India is not just consuming content faster than ever before; it is also forgetting it faster
NATIONAL, 27 MAY, 2026, GPN/ By Mr. KARAN MEHTA:
In today’s digital-first world, brands are no longer competing only with competitors. They are competing with notifications, reels, memes, trending audio, short videos, live commerce, and endless scrolling. Attention has become the most expensive currency in marketing, and most brands are losing the battle within the first three seconds.
Consumers today decide instantly whether a brand deserves their time. If the messaging feels slow, generic, or irrelevant, they move on without hesitation. This shift is fundamentally changing how marketing works in India.
For years, brands focused heavily on visibility. The assumption was simple: if consumers repeatedly saw a product, they would eventually engage with it. But the modern consumer behaves differently. Exposure no longer guarantees attention, and attention no longer guarantees trust.
The average digital user today is overloaded with information from every direction. As a result, people have subconsciously developed “scroll behaviour.”
They filter content at extreme speed, often making decisions emotionally before rationally. This means brands have only a few moments to create impact, establish relevance, and trigger curiosity.
The biggest mistake brands continue to make is prioritising volume over value. More ads, more content, and more campaigns do not automatically create stronger engagement. In fact, excessive communication often pushes consumers away. What works today is precision, saying the right thing, in the simplest way possible, at the right moment.
The rise of short-form content platforms has accelerated this behavioural shift. Audiences now expect communication to be visual, direct, fast, and emotionally engaging. Long explanations are being replaced by sharp storytelling. Consumers no longer want to “understand” brands slowly; they want to “feel” brands instantly.
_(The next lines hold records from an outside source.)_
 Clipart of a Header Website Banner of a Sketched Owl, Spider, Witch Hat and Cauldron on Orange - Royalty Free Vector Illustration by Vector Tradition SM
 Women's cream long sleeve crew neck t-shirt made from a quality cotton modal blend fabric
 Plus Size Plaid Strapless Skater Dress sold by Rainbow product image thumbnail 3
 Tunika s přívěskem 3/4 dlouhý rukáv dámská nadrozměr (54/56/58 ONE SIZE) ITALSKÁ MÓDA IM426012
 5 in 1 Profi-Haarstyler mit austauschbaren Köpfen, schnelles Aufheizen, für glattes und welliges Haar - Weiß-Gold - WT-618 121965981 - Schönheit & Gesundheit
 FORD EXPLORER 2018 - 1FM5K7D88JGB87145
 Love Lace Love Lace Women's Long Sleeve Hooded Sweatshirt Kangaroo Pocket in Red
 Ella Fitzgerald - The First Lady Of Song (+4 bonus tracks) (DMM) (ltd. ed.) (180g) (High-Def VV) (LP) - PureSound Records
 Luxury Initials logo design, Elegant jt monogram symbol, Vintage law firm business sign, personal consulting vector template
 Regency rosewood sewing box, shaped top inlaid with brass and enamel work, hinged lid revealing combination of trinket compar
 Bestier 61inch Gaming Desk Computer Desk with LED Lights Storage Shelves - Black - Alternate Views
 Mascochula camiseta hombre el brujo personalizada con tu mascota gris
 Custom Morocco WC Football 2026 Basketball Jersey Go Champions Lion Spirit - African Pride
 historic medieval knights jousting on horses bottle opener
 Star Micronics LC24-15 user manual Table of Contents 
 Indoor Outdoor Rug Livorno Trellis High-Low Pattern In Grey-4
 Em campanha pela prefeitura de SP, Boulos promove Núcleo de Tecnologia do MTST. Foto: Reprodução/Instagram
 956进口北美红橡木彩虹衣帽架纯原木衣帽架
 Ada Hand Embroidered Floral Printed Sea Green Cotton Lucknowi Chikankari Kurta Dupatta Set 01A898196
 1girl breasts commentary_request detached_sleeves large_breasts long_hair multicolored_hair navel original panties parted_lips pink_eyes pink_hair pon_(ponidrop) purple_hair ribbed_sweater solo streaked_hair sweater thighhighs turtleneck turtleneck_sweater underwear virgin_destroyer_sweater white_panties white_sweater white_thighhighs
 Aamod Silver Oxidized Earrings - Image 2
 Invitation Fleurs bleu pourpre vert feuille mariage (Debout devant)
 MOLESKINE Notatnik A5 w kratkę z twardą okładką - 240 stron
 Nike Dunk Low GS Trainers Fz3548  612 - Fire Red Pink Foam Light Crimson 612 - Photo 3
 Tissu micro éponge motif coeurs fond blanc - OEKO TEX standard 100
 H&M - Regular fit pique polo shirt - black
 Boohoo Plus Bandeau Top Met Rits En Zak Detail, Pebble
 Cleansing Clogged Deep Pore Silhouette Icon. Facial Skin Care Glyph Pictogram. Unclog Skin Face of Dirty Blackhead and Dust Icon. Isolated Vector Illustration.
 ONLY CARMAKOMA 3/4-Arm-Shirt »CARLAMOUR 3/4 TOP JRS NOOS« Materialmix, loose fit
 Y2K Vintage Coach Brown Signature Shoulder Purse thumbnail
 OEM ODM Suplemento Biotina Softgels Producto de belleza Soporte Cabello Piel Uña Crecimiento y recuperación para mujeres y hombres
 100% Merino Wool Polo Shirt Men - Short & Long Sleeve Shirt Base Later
This is why authenticity has become a powerful differentiator. Modern audiences can quickly identify manufactured messaging. They connect more deeply with brands that sound human, relatable, and clear. In an era of shrinking attention spans, simplicity is not weakness, it is strategy.
Another major shift is the rise of mobile-first behaviour across India. For millions of users, the smartphone is the primary gateway to information, shopping, entertainment, and decision-making. This has transformed how brands design experiences. Every second of loading time, every unnecessary click, and every confusing interface directly impacts engagement.
The future of marketing will belong to brands that reduce friction. Consumers do not want complicated journeys. They want speed, clarity, and convenience. The brands winning today are not necessarily the loudest; they are the easiest to understand and interact with.
Data and technology are also reshaping marketing decisions. Brands now have access to deeper consumer insights than ever before. But the real advantage is not in collecting data, it is in interpreting human behaviour correctly. Successful marketing today is less about selling products and more about understanding intent.
At the same time, emotional relevance remains irreplaceable. People may forget campaigns quickly, but they remember how brands make them feel. This is especially true in India, where cultural nuance, language familiarity, relatability, and trust heavily influence consumer behaviour.
As attention spans continue to shrink, brands must stop thinking like advertisers and start thinking like experience creators. Every interaction, whether it is a notification, a social media post, a landing page, or a customer support conversation, shapes perception.
The reality is simple: consumers are no longer giving brands unlimited chances to impress them. The window of attention is becoming smaller every day. Brands that adapt to this shift with speed, simplicity, authenticity, and relevance will survive and grow. Those who continue relying on outdated communication strategies risk becoming invisible in the digital noise.In the end, the future of marketing may not belong to the brands that speak the most. It will belong to the brands that are understood the fastest.